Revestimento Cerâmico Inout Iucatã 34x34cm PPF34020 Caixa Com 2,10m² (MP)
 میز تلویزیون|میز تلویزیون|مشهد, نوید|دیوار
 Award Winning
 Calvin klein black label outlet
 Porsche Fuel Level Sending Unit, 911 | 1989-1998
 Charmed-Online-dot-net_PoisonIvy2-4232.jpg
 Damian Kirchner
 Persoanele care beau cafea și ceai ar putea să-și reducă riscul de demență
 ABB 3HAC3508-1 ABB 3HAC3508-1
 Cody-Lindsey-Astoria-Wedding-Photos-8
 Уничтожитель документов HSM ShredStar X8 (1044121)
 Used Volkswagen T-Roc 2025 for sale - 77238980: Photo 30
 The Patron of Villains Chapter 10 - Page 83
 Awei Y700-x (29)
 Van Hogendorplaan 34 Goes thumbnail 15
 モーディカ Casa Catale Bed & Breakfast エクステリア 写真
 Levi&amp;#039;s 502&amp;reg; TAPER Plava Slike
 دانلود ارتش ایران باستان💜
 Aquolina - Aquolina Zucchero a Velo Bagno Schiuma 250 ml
==============================
_What is required_.
Reproduce the lines from the one containing "Porsche Fuel Level" to the end of the entries, keeping both ends and adding nothing.

_Finished task_.
 Porsche Fuel Level Sending Unit, 911 | 1989-1998
 Charmed-Online-dot-net_PoisonIvy2-4232.jpg
 Damian Kirchner
 Persoanele care beau cafea și ceai ar putea să-și reducă riscul de demență
 ABB 3HAC3508-1 ABB 3HAC3508-1
 Cody-Lindsey-Astoria-Wedding-Photos-8
 Уничтожитель документов HSM ShredStar X8 (1044121)
 Used Volkswagen T-Roc 2025 for sale - 77238980: Photo 30
 The Patron of Villains Chapter 10 - Page 83
 Awei Y700-x (29)
 Van Hogendorplaan 34 Goes thumbnail 15
 モーディカ Casa Catale Bed & Breakfast エクステリア 写真
 Levi&amp;#039;s 502&amp;reg; TAPER Plava Slike
 دانلود ارتش ایران باستان💜
 Aquolina - Aquolina Zucchero a Velo Bagno Schiuma 250 ml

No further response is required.